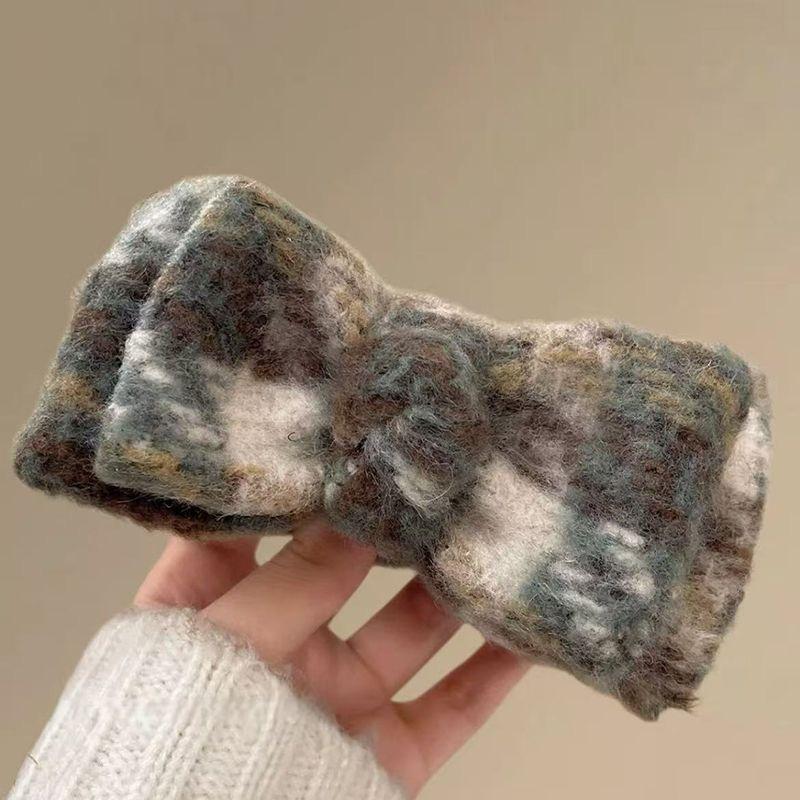 Bow Shaped Meatball Head Grab Clip Women's High-end Shark Clip New Unique and Beautiful Hairclip Fashion Hair Accessory Autumn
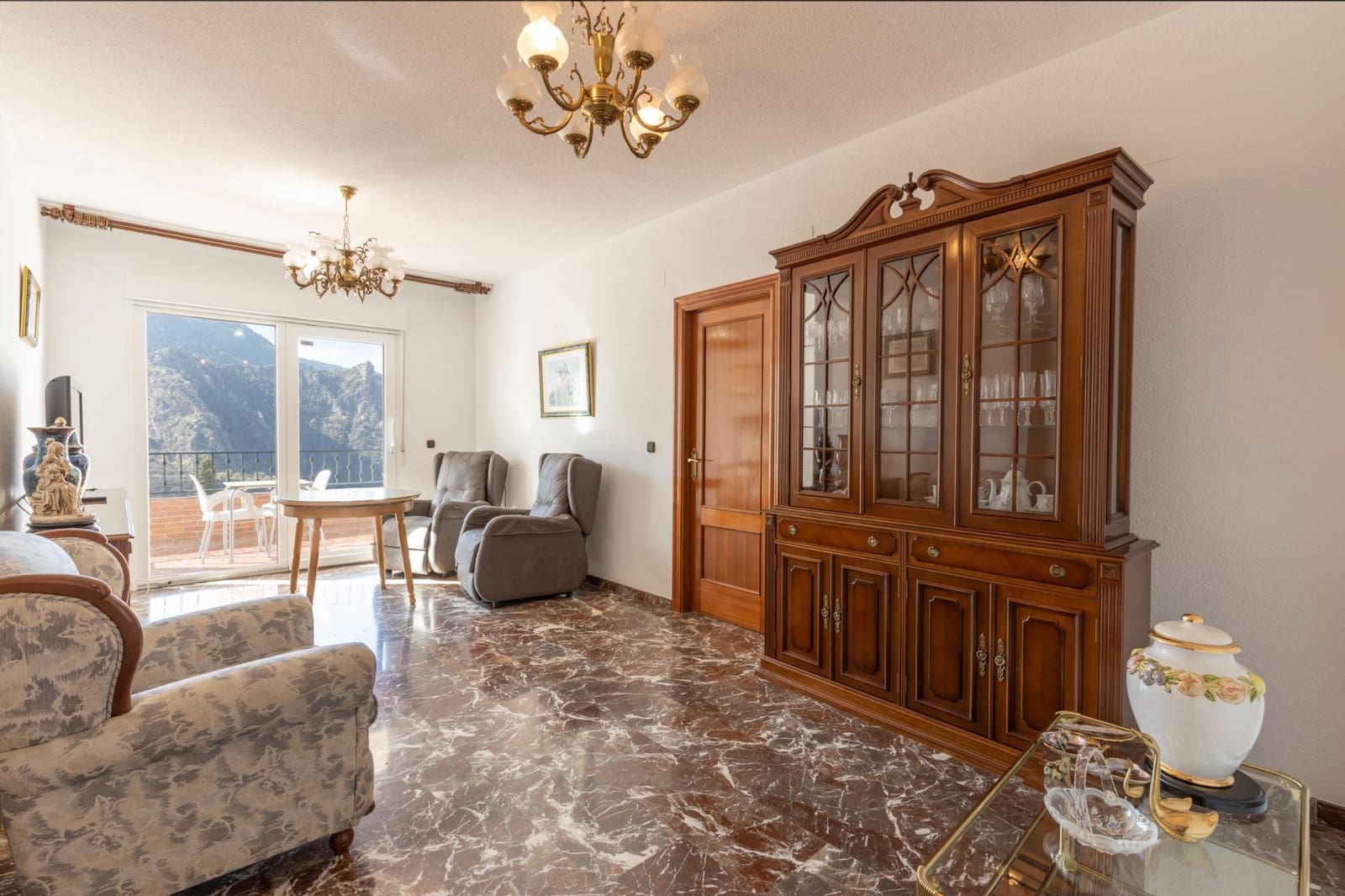 5 chambre Appartement à vendre à Guejar Sierra - 180 000 € (Ref: 9661948)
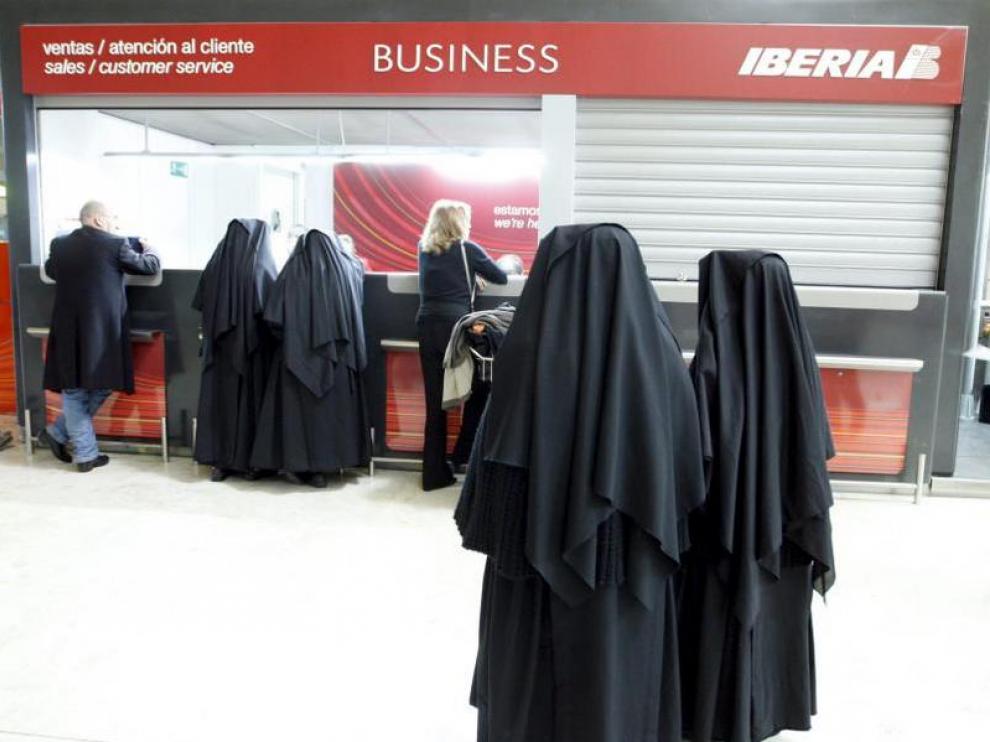 Un mostrador de Iberia en el aeropuerto madrileño de Barajas, ayer.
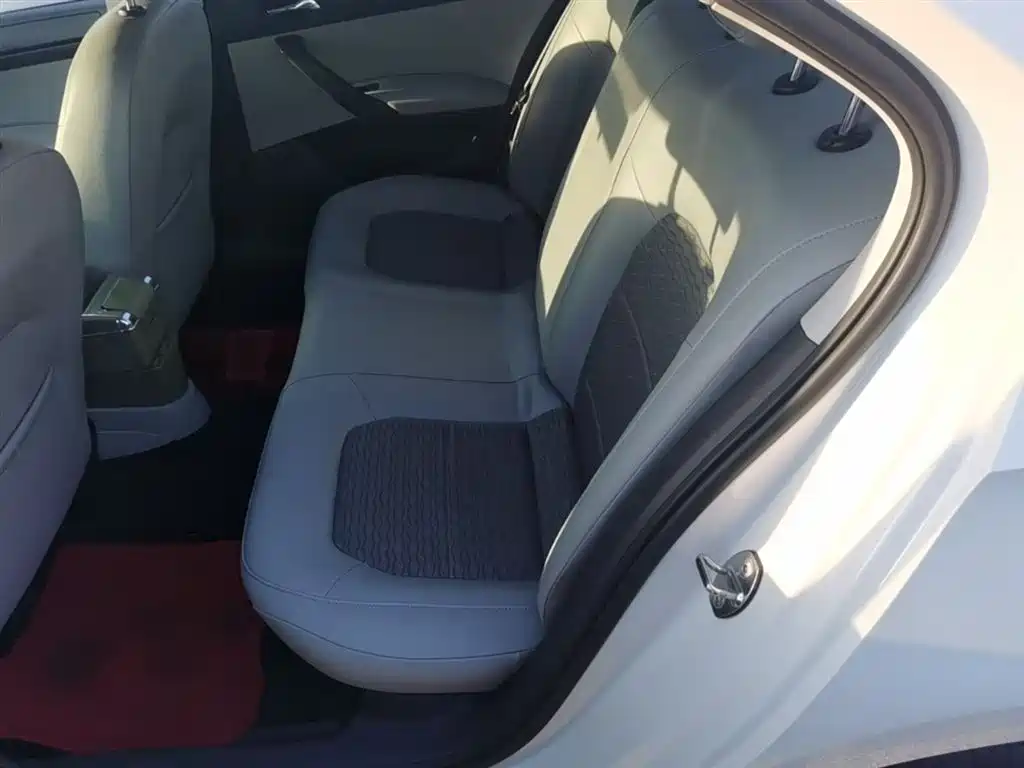 Skoda Rapid 2015 — фото 17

**Exercise objective**
Everything in the data except the pictures needs to be written out exactly.

**Output for this exercise**
 Bow Shaped Meatball Head Grab Clip Women's High-end Shark Clip New Unique and Beautiful Hairclip Fashion Hair Accessory Autumn
 5 chambre Appartement à vendre à Guejar Sierra - 180 000 € (Ref: 9661948)
 Un mostrador de Iberia en el aeropuerto madrileño de Barajas, ayer.
 Skoda Rapid 2015 — фото 17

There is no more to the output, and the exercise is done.